(Beginning of Record excerpts)
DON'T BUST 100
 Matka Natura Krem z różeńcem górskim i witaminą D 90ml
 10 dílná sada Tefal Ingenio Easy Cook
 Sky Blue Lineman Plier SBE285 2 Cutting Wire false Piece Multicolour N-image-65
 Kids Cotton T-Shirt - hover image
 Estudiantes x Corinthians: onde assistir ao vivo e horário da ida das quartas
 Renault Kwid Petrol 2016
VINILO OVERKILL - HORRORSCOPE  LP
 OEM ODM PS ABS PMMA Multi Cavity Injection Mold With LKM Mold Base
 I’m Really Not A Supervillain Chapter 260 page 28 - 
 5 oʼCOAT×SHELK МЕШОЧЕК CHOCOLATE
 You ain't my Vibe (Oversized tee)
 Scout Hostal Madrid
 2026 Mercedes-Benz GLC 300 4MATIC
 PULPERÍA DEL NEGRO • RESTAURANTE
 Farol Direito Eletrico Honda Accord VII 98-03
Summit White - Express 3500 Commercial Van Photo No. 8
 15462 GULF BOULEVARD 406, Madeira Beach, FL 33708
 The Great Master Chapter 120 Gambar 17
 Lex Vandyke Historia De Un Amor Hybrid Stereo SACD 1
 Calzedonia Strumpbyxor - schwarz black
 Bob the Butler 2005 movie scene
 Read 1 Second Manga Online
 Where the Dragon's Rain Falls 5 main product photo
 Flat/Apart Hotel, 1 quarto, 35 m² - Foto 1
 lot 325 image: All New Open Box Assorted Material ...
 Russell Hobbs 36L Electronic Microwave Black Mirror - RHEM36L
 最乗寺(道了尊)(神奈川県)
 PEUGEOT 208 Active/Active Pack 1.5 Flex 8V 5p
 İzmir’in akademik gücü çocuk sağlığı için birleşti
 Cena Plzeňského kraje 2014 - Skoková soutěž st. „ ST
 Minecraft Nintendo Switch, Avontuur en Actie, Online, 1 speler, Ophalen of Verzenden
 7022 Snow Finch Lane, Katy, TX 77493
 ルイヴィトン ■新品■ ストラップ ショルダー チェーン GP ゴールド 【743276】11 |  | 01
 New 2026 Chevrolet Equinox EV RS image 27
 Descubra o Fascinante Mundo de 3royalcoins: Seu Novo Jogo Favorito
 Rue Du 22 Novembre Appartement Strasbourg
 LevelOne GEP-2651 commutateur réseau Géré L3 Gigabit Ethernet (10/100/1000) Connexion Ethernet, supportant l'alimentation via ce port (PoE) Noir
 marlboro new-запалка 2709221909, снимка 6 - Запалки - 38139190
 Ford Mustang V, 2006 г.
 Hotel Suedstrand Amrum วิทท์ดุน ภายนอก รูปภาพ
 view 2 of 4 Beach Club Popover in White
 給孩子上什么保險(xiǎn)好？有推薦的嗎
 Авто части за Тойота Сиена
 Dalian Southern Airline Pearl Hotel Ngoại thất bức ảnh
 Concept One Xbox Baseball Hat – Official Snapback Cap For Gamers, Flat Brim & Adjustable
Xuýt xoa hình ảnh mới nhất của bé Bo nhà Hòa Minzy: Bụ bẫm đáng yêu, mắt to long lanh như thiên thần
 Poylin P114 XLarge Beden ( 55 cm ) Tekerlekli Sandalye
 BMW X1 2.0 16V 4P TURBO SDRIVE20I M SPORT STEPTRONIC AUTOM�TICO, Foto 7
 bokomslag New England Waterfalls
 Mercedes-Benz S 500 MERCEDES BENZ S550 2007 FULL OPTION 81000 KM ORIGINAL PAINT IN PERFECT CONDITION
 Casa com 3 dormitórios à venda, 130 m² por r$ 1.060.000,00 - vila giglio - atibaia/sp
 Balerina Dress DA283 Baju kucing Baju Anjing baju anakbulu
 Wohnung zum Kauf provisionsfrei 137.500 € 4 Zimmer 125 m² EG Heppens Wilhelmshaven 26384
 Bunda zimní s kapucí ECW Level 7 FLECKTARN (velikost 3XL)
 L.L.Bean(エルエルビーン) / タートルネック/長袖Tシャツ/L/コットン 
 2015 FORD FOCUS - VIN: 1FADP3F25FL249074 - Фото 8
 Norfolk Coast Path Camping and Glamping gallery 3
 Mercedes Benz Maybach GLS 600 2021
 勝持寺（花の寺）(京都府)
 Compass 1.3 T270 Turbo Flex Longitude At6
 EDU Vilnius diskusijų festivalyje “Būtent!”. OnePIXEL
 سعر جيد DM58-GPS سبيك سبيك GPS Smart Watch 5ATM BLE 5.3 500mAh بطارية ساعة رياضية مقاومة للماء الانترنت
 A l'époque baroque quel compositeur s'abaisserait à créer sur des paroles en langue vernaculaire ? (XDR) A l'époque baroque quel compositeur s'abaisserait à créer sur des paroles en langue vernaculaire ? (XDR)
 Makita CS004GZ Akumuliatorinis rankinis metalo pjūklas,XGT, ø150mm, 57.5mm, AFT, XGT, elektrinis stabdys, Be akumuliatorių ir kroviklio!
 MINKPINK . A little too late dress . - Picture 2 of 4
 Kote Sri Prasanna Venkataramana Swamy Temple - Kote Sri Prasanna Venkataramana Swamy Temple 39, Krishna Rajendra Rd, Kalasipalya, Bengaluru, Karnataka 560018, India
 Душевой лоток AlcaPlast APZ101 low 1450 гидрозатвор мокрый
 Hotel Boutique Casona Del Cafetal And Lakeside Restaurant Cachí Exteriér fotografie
(End of Record excerpts)
The lines above starting at the one that contains "Descubra o Fascinante" and ending at the one that contains "Balerina Dress DA283" must be transcribed exactly, and no other lines may appear.

 Descubra o Fascinante Mundo de 3royalcoins: Seu Novo Jogo Favorito
 Rue Du 22 Novembre Appartement Strasbourg
 LevelOne GEP-2651 commutateur réseau Géré L3 Gigabit Ethernet (10/100/1000) Connexion Ethernet, supportant l'alimentation via ce port (PoE) Noir
 marlboro new-запалка 2709221909, снимка 6 - Запалки - 38139190
 Ford Mustang V, 2006 г.
 Hotel Suedstrand Amrum วิทท์ดุน ภายนอก รูปภาพ
 view 2 of 4 Beach Club Popover in White
 給孩子上什么保險(xiǎn)好？有推薦的嗎
 Авто части за Тойота Сиена
 Dalian Southern Airline Pearl Hotel Ngoại thất bức ảnh
 Concept One Xbox Baseball Hat – Official Snapback Cap For Gamers, Flat Brim & Adjustable
Xuýt xoa hình ảnh mới nhất của bé Bo nhà Hòa Minzy: Bụ bẫm đáng yêu, mắt to long lanh như thiên thần
 Poylin P114 XLarge Beden ( 55 cm ) Tekerlekli Sandalye
 BMW X1 2.0 16V 4P TURBO SDRIVE20I M SPORT STEPTRONIC AUTOM�TICO, Foto 7
 bokomslag New England Waterfalls
 Mercedes-Benz S 500 MERCEDES BENZ S550 2007 FULL OPTION 81000 KM ORIGINAL PAINT IN PERFECT CONDITION
 Casa com 3 dormitórios à venda, 130 m² por r$ 1.060.000,00 - vila giglio - atibaia/sp
 Balerina Dress DA283 Baju kucing Baju Anjing baju anakbulu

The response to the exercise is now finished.